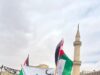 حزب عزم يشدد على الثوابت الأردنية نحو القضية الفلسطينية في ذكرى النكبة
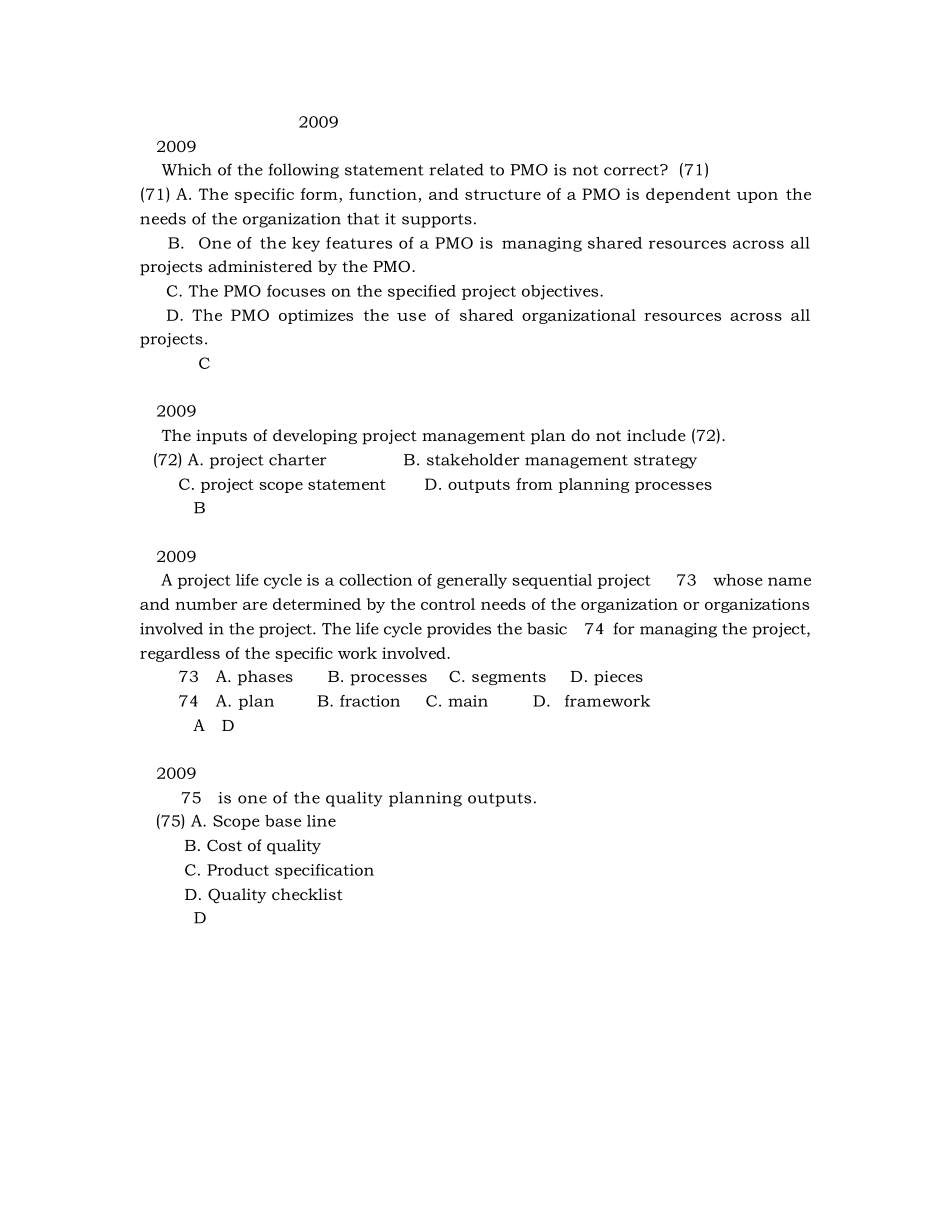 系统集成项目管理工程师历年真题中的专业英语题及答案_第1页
---
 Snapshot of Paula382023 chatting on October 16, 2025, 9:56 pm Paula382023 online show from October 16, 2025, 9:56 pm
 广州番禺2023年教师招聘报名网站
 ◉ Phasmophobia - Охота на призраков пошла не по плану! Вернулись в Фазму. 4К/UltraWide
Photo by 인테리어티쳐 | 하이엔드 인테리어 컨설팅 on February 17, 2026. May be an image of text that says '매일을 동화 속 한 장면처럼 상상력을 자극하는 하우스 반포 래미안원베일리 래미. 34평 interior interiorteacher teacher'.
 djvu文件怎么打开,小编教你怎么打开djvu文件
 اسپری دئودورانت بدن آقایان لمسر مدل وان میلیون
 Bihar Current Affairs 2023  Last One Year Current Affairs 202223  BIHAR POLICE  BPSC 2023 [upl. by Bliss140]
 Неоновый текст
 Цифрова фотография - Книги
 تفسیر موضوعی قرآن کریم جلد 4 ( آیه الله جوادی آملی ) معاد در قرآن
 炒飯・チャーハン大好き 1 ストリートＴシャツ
...
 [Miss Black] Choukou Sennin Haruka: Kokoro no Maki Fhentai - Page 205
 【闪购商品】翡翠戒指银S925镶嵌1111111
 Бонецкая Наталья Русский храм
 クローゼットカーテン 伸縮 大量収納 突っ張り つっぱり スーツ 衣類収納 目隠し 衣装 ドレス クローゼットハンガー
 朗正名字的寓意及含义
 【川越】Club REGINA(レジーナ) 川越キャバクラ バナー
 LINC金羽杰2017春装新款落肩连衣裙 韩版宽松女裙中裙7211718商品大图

**Task description**: Take the lines above from the one containing "djvu文件怎么打开,小编教你怎么打开djvu文件" down to the one containing "炒飯・チャーハン大好き 1 ストリートＴシャツ", and transcribe them exactly, both ends included.

**Answer section**:
 djvu文件怎么打开,小编教你怎么打开djvu文件
 اسپری دئودورانت بدن آقایان لمسر مدل وان میلیون
 Bihar Current Affairs 2023  Last One Year Current Affairs 202223  BIHAR POLICE  BPSC 2023 [upl. by Bliss140]
 Неоновый текст
 Цифрова фотография - Книги
 تفسیر موضوعی قرآن کریم جلد 4 ( آیه الله جوادی آملی ) معاد در قرآن
 炒飯・チャーハン大好き 1 ストリートＴシャツ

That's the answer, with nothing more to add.